### What is needed
Look through the records below and copy each line that includes the word "California".

Web page caption snippets
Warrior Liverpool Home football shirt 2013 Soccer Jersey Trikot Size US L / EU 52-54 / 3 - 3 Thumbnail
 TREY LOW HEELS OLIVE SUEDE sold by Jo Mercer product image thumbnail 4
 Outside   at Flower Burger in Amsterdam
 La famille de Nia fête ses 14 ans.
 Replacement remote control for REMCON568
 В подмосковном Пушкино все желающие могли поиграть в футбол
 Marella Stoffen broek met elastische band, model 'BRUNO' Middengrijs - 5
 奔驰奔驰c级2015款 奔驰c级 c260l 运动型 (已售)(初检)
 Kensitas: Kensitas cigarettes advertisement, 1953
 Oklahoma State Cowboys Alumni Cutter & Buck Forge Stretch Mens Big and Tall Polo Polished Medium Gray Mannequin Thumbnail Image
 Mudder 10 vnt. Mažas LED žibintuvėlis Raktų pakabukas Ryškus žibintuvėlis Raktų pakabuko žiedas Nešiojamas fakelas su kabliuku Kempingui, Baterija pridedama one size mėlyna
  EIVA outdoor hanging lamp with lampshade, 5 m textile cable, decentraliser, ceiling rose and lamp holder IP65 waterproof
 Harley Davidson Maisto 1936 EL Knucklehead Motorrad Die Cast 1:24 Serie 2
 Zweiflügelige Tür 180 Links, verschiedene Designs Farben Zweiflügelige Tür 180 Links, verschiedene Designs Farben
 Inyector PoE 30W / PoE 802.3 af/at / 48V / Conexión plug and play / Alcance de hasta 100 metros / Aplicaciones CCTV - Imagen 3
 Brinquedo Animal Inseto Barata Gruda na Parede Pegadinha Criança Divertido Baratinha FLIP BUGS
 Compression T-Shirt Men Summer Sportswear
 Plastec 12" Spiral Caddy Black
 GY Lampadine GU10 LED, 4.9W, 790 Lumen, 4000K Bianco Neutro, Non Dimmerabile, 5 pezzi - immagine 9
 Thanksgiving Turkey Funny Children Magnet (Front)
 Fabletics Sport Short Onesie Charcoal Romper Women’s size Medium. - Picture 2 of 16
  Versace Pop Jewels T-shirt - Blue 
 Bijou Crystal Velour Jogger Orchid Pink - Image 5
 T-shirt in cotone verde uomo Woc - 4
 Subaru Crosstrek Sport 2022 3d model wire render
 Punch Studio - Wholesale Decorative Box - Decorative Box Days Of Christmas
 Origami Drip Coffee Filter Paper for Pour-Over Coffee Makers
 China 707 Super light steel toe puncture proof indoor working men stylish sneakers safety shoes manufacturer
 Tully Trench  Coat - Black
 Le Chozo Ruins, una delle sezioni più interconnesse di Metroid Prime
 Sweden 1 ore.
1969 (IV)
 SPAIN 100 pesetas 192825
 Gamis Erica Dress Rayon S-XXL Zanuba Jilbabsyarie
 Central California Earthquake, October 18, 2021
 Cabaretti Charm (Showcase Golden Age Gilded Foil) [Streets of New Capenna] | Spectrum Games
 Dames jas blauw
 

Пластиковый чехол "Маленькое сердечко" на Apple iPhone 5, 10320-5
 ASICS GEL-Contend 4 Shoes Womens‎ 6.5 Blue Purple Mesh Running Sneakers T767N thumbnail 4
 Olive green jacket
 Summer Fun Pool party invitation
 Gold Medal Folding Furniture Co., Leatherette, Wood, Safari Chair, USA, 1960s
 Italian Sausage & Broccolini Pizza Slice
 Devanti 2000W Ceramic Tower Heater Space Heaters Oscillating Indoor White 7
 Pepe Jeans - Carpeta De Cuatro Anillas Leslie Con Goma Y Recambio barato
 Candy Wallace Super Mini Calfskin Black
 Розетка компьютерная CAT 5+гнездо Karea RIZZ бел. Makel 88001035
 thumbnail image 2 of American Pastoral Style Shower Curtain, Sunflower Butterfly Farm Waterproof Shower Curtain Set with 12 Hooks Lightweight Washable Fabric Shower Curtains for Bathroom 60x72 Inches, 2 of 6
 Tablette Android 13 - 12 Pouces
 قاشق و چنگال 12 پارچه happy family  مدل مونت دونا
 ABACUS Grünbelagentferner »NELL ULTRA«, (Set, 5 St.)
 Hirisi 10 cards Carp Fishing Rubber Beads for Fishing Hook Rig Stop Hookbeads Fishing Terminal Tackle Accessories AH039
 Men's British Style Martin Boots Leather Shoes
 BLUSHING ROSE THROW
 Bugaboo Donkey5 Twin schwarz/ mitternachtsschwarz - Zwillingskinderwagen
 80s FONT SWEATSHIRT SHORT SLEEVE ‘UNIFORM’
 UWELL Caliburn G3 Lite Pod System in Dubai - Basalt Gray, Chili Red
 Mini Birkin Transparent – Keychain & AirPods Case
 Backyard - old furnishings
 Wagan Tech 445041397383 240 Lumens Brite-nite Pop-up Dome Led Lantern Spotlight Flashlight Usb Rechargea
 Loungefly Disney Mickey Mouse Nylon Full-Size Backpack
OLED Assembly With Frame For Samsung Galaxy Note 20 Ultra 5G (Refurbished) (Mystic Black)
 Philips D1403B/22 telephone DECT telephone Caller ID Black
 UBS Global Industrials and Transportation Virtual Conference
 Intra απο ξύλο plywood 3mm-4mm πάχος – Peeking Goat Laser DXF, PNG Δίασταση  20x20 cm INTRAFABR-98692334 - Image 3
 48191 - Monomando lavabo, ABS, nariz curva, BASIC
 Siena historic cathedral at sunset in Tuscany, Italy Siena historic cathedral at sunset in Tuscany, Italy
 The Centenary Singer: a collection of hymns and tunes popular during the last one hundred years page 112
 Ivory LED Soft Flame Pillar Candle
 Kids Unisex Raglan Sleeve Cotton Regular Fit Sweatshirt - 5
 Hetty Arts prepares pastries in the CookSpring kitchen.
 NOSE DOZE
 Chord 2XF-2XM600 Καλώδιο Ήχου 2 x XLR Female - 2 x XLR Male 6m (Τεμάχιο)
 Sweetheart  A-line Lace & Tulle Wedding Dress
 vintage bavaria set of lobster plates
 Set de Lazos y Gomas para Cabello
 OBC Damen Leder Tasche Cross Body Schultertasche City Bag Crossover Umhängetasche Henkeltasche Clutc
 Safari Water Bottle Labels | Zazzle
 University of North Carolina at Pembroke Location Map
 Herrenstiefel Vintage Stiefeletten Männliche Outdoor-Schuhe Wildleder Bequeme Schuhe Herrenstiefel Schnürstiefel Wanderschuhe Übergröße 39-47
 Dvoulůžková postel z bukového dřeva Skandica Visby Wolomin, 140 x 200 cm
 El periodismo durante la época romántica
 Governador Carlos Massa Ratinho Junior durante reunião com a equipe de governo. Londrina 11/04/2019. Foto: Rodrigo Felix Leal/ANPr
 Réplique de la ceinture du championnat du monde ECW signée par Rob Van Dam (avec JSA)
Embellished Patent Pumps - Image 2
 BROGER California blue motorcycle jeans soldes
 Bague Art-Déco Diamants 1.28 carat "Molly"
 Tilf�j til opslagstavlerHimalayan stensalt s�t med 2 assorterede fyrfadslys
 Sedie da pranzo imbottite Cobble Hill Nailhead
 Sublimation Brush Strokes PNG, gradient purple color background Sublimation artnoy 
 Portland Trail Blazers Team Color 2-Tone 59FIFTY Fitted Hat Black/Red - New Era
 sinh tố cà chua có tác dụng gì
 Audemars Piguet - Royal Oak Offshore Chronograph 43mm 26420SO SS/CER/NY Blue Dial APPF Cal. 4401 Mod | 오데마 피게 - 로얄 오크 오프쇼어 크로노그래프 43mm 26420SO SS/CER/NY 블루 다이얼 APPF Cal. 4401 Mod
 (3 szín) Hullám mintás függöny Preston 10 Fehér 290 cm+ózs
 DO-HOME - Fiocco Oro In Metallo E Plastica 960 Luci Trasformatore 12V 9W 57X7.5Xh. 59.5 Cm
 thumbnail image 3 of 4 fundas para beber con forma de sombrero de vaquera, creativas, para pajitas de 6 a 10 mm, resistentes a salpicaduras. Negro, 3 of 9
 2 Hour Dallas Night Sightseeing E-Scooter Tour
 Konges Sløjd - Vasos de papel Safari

### Exercise answer
 Central California Earthquake, October 18, 2021
 BROGER California blue motorcycle jeans soldes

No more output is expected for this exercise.